Is anyone having potency issues with T3 - Thyroid UK
Is anyone having potency issues with T3
nope, not me
What can I say?
are you taking NHS Liothyronine
yes have been on NHS stuff since last year in November (apart from a few 'blitz' where I tried thybon and tiromel)
I bought Tiromel -how did you find it. I dont reckon much to it to be honest, but it may be me??? How come your not feeling crap on NHS T3?
I don't know Reiki, they are all the same to me, Tiromel was the same as NHS as cynomel as thybon, it is all T3 to me and it does not make any difference LOL
Nor me,I believe some people did a while ago, is it old stock?
Jackie
You can't be on the batch in question then, every one else feels the difference
Hi I am sure you are right. My script is from a small pharmacy so quite likely "we" have not yet reached the off stock,My numbers on the script are certainly different to the suspect ones.. I cannot think of any other reason. Incidentally I have to have thyroid tests every 2 -10 weeks, usually far less than 10 weeks, so I would certainly know.
Best wishes,
Jackie
I am! batch 81711 really not effective → _→ have submitted yellow card and know another patient who has done too. Am writing to my GP and endo but not sending letter until Dec as my son has an appt in same dept and I don't want to jeopardise his outcome. In the meantime I'm waiting for a cynomel order to tide me over. I wonder whether it's batch strength or fillers.
I've just done 4 weeks on batch 81711 and found I had to up the dose from 60mcg to 80mcg per day to feel OK - I hadn't thought about batch strength, thought it was just me!
No no, I think every one taking this is feeling not so great, if you were on T3 last year compared to this year I feel sure you would feel the difference
PS Nutri thyroid is helpful in filling energy gaps whilst I wait for the cynomel order to come - really hope it comes soon - long delays at the moment due to customs.
I was getting better since starting T3, then had a downturn with one of the dodgy batches. I recovered slightly on the next replacement batch, but am going downhill on the current batch, with all the old symptoms returning. The current batch does not seem to have a batch number anywhere on the pot. I recently had a blood test and am awaiting the results, although the TSH has come back at 0.08 and the nurse on the phone said there was no result for T3 or T4, but I will try phoning again today and hope to get someone who can read! Had all the vit tests too, but they take longer to come back. I know it sounds stupid, but I am hoping it is another dodgy batch, because I have run out of other options and feel really grotty!
What batch number are you taking. I know Sarah is still suffering poor love x. Seren face have you submitted a yellow card. You really should if you haven't already xxxx
I have just started taking lyothorine ( have I spelt this right), only, feeling good, it just came in a brown bottle , nothing on it about makers or anything, will chemist tell me as don't want a different brand as seems to agree with me x
There is only the one brand in the uk so no worries there. The chemist should give you the PIL with the brown bottle. Boots changed them from the original tub to a brown bottle and they always did it through the back and I didn't like it but that was their policy so I changed to a small private chemist and get much better personal service.
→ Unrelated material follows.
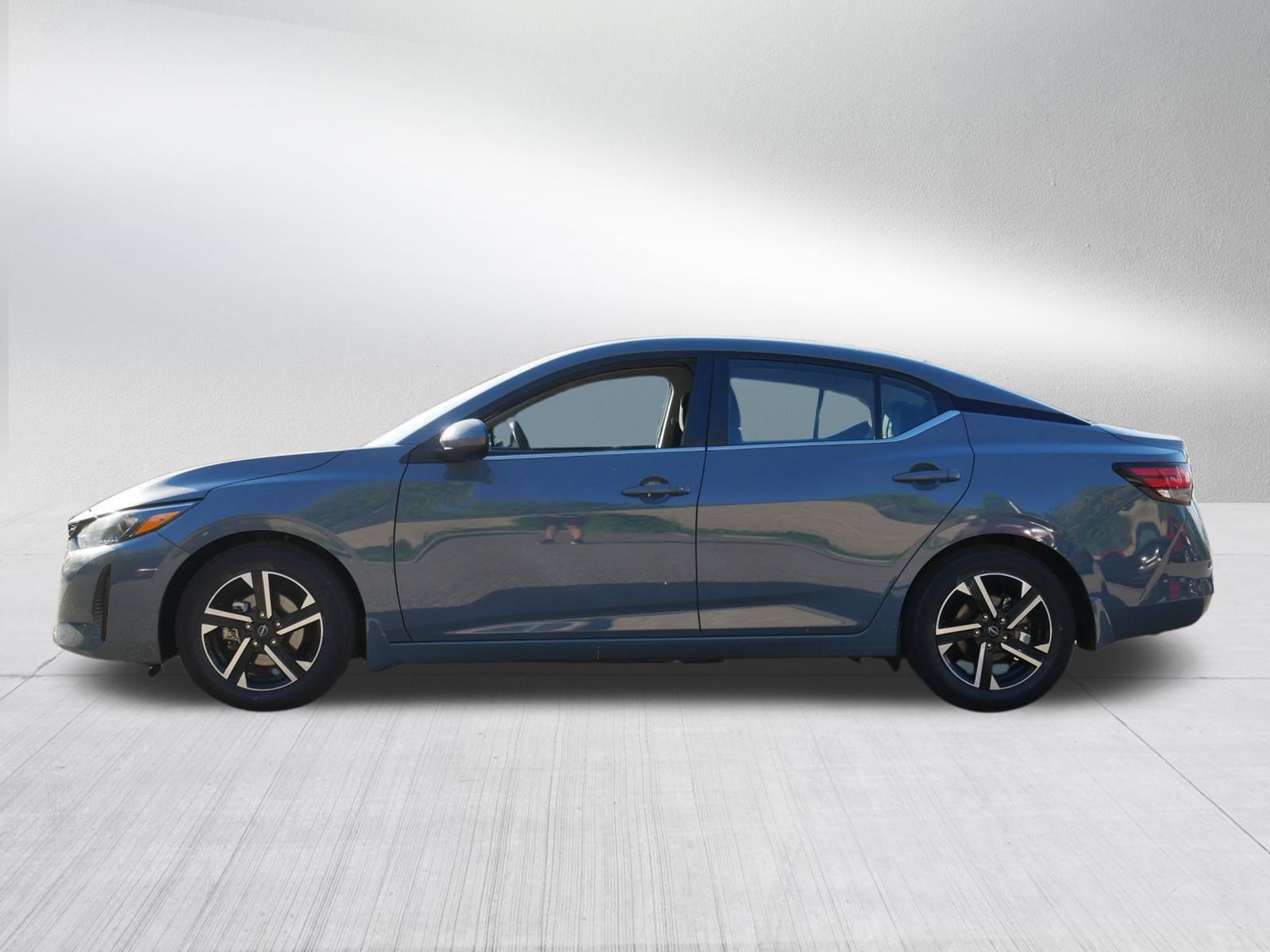 Certified 2024 Nissan Sentra SV FWD image 4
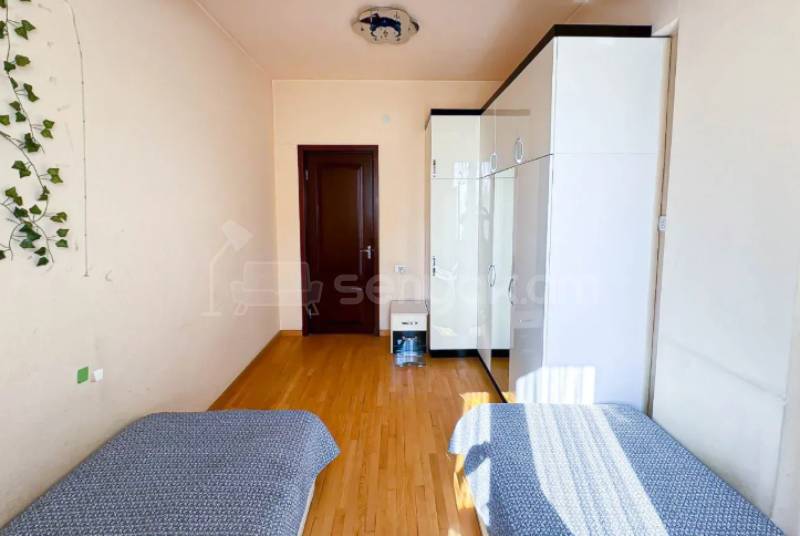 4 Սենյականոց Բնակարան Նորակառույցում, 104քմ, 7/12 հարկ, Կապիտալ Վերանորոգված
The lio is in the original tub.
Jo xx
I submitted a yellow card for the first batch (did not hear anything back - should I have done?) but no batch number on this pot, so cannot submit a yellow card. I may try calling in to the chemist, but it is journey of 14 miles.
Really not blaming you, but no-one should ever get a prescription fulfilled without both the batch number and the expiry date being provided. It should be an absolute duty on a pharmacist to ensure that happens. Only when they fail to do so, please folk, do ask before you accept the medicine into your paws.
Rod
I've been having potency issues with t3 since may/June. I have yellow carded 4 batches and only heard back last week. They asked for more information and any recent blood test results. I am a patient of a well known private doctor and he said its not enough to send a yellow card we should complain to Chief Medical Officer - Dame Sally Davies, Dept of Health, Richmond House, 79 Whitehall, London, SW1A 2NS.
Jeans your a star. I've been waiting so long for a port of call. This address the ticket to get something done about the dodgy batches of Liothyronine, the NHS version has made me so ill over the past 8months having gained weight and getting all the horrid symptoms back its been awful. I urge all concerned who has had potency issues......erh erh Sarah.....yes you too missy, to get pen to paper and let off some steam regarding how its been troublesome and made you ill. The only dodgy batch number I have kept hold of is 81171 I do have more that I refuse to use which do not have a batch number it came in the brown bottle this too is low potency. I've had to buy my own T3 but I recently ordered another prescription and went to a different chemist who gave me NHS T3 with the batch number 81377 had I returned to the chemist where I normally get my prescriptions I would have ended up with 81171 as they ordered them in a large quantity. Please folks help yourself and others by reporting any low potency NHS T3 it's the only to go if you want your health back. Xxx
Well after feeling rotten for the past 2 wks I saw my doc this afternoon, hoping that I needed a higher intake of vitamin D or B12 as I had bloods done weeks ago for quite a few things and had heard nothing.. but unfortunately the doc said my results were'nt low enough to be topped up on the NHS so was advised to top up over the counter if I thought I needed to. Now that Ive read all these posts about T3, Im thinking I started a new batch at about the same time as I began to feel lethargic and slowed right down both physically and mentally so maybe the new batch is to blame but I can't submit any batch number as they always come in a brown bottle with no number. I will go back to Boots tomorrow and ask if they can give me a number and then I will definitely send a letter of complaint about the strength of my T3.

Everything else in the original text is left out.